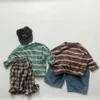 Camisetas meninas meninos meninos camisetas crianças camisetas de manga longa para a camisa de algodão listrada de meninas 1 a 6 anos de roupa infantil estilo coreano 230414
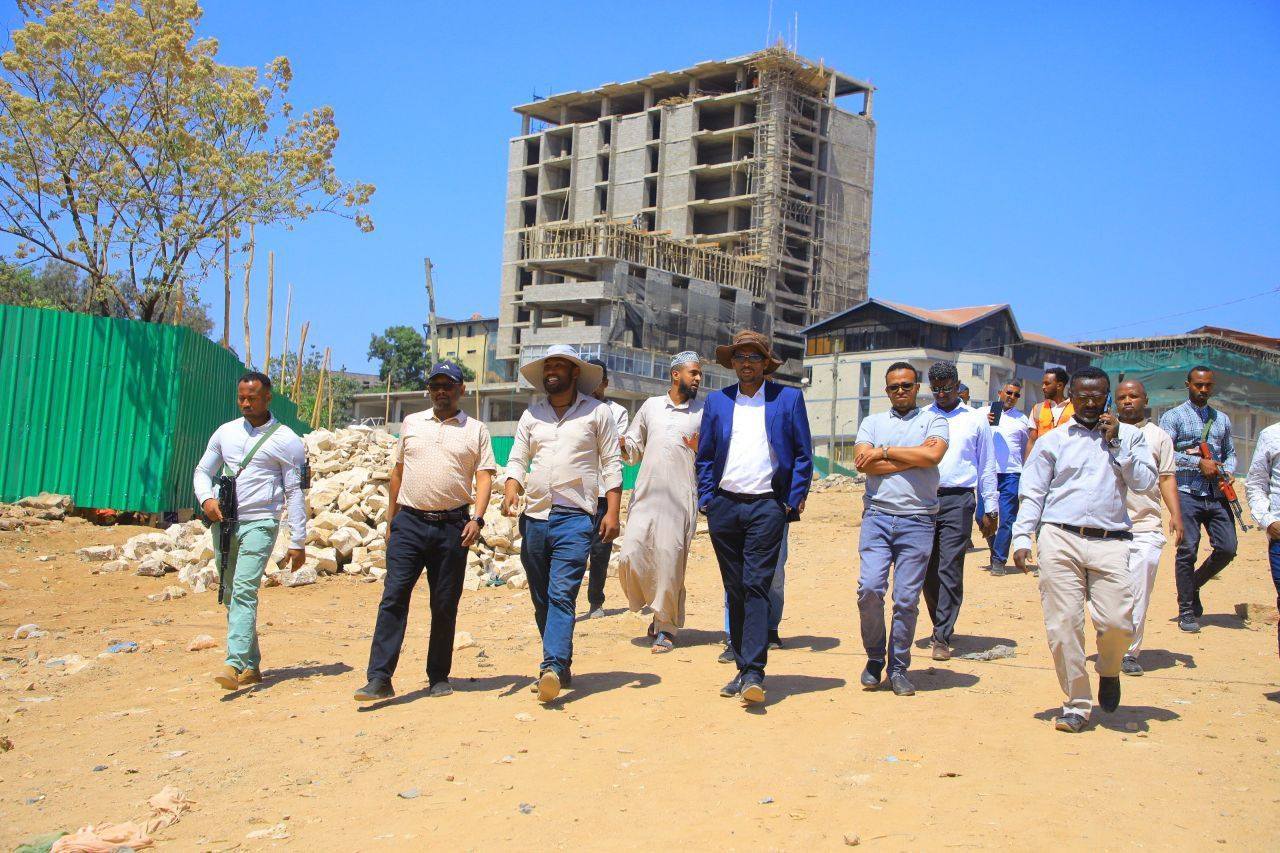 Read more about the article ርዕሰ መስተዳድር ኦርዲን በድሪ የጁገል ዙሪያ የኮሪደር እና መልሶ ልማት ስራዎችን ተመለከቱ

──────────

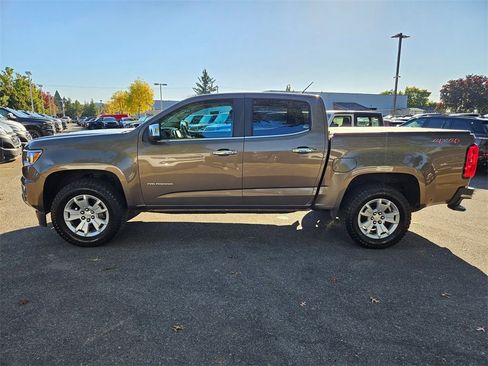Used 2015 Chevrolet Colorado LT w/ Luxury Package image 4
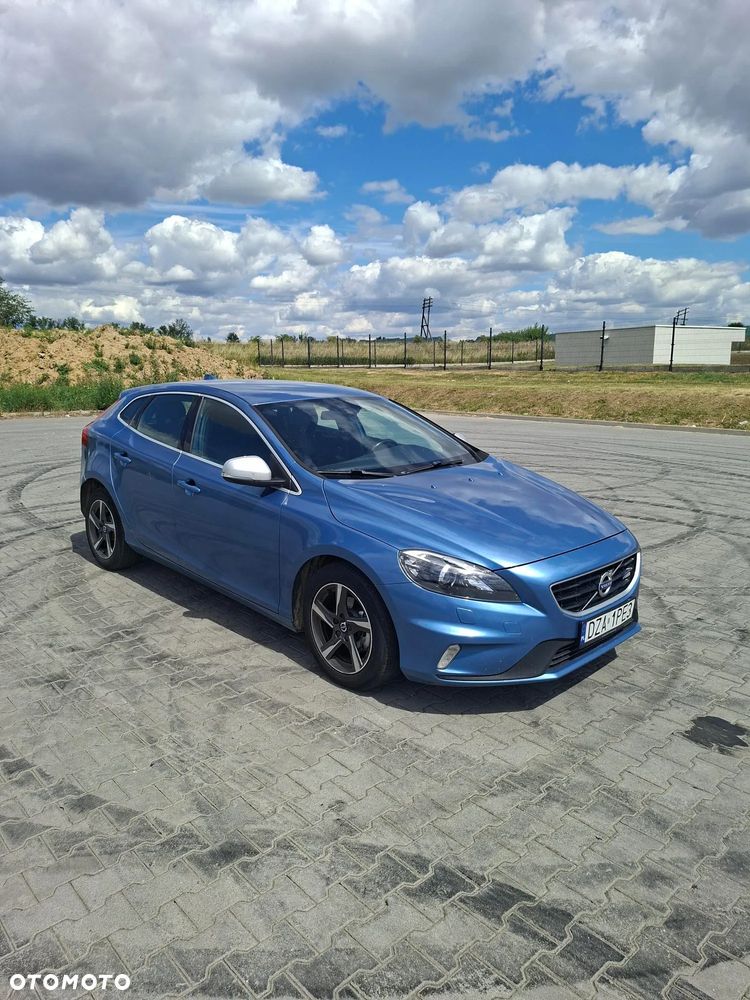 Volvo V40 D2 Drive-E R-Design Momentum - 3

──────────

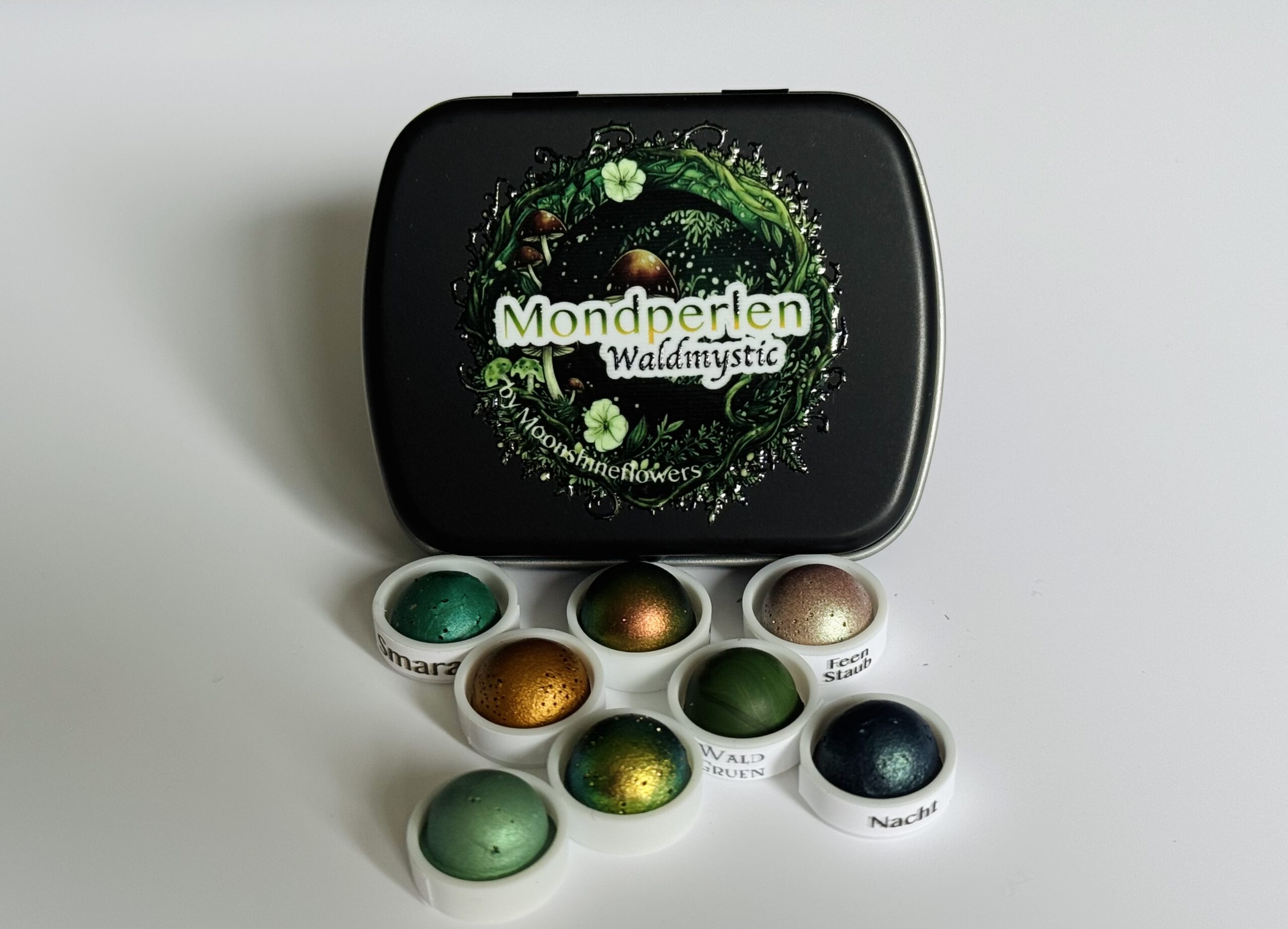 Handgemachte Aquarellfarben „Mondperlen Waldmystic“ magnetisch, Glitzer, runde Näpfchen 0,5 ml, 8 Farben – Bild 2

──────────

Your instructions: In the records above, find the line with "Camisetas meninas meninos" and the line with "Read more about". Write out exactly those lines and every one between, with no pictures and no other lines.

Exercise output:
 Camisetas meninas meninos meninos camisetas crianças camisetas de manga longa para a camisa de algodão listrada de meninas 1 a 6 anos de roupa infantil estilo coreano 230414
 Read more about the article ርዕሰ መስተዳድር ኦርዲን በድሪ የጁገል ዙሪያ የኮሪደር እና መልሶ ልማት ስራዎችን ተመለከቱ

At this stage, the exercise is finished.